Apuan Alps Marble and quarries Carrara Colonnata Versilia Cinque Terre Lunigiana Garfagnana

 

Carrara quarries Marble is a crystalline structured calcareous stone formed through metamorphism. Apuan Alps are a huge marble deposit with a volume of several cubic kilometres. Carrara reveals to be the widest pool and has three main dales: Colonnata, Fantiscritti and Ravaccione where, besides the ordinary white marble, different variations of marble are extracted as the statuary, veined, purple, “calcata” and “bardiglio”.

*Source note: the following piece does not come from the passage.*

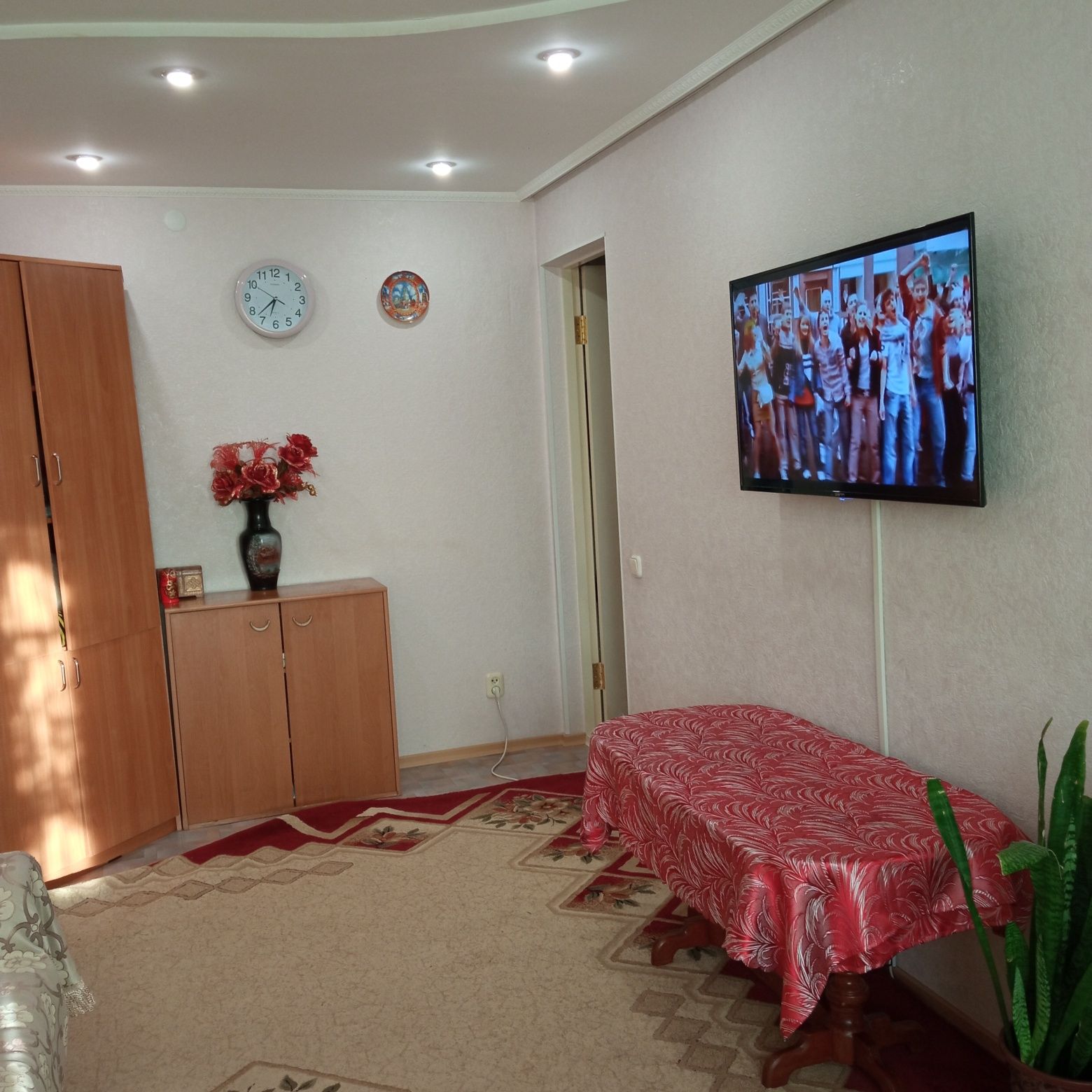 Продам 2комн квартиру и ли обмен на 1 ком квартиру в центре города Жез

The mining activity has ancient origins (II cent. b.C.): it was developed by the Romans, who largely used our marble to build their villas and monuments and kept on growing to reach the present industrial development. Today, thanks to the improvement of techniques, materials, tools, Carrara’s basins produce about 800.000 tons of marble a year.

The Cut
Marble is used in various, different ways: to produce decorative objects, sculptures, monuments, and obviously to produce linings and covering. Marble economy is based principally on decorative furnishing area. But the marble, after its extraction from the mountains, needs to be cut and polished through long and difficult working practices. In the past the huge marble blocks were hand-cut with a unique blade, which penetrated slowly into the stone. Later water-looms were used to cut the stones, obtainig square marble pieces called “quadrette”, “ambrogette” or simply tiles, which, afterwards, were hand-polished. The technological development helped men’s work: thanks to the building of special water machines called “frulloni”, it was possible to polish the products in a simpler way (not only by hand). Today the sew-mills make quarrymen’s work safer and lighter.

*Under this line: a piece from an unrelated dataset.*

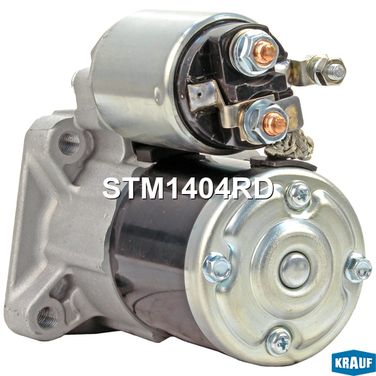 Krauf STM1404RD Стартер 11 зубов - 2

Visiting the quarries (driving, with caution, on comfortable asphalted streets), looking at the white basins, the flows and the titanic human work is an unforgettable experience.

The Artists
Without man’s hand moulding sculptures and monuments, marble will be just a cold shapeless white stone. Ancient Romans preferred the white marble to decorate their houses and to celebrate their glory, building wonderful monuments, villas and public structures. For this reason Carrara has seen the birth of several generations of sculptors, stone-cutters and artists, who learned to know, to work the white stone and to turn it in a work of art. Several unknown artists have left traces of their work in the streets, square, churches and so on.
They contributed together with more famous artists, to decorate, and enrich the severe buildings and, as the great master Michelangelo, to create fabulous statues, so “alive” than they seem to have a soul.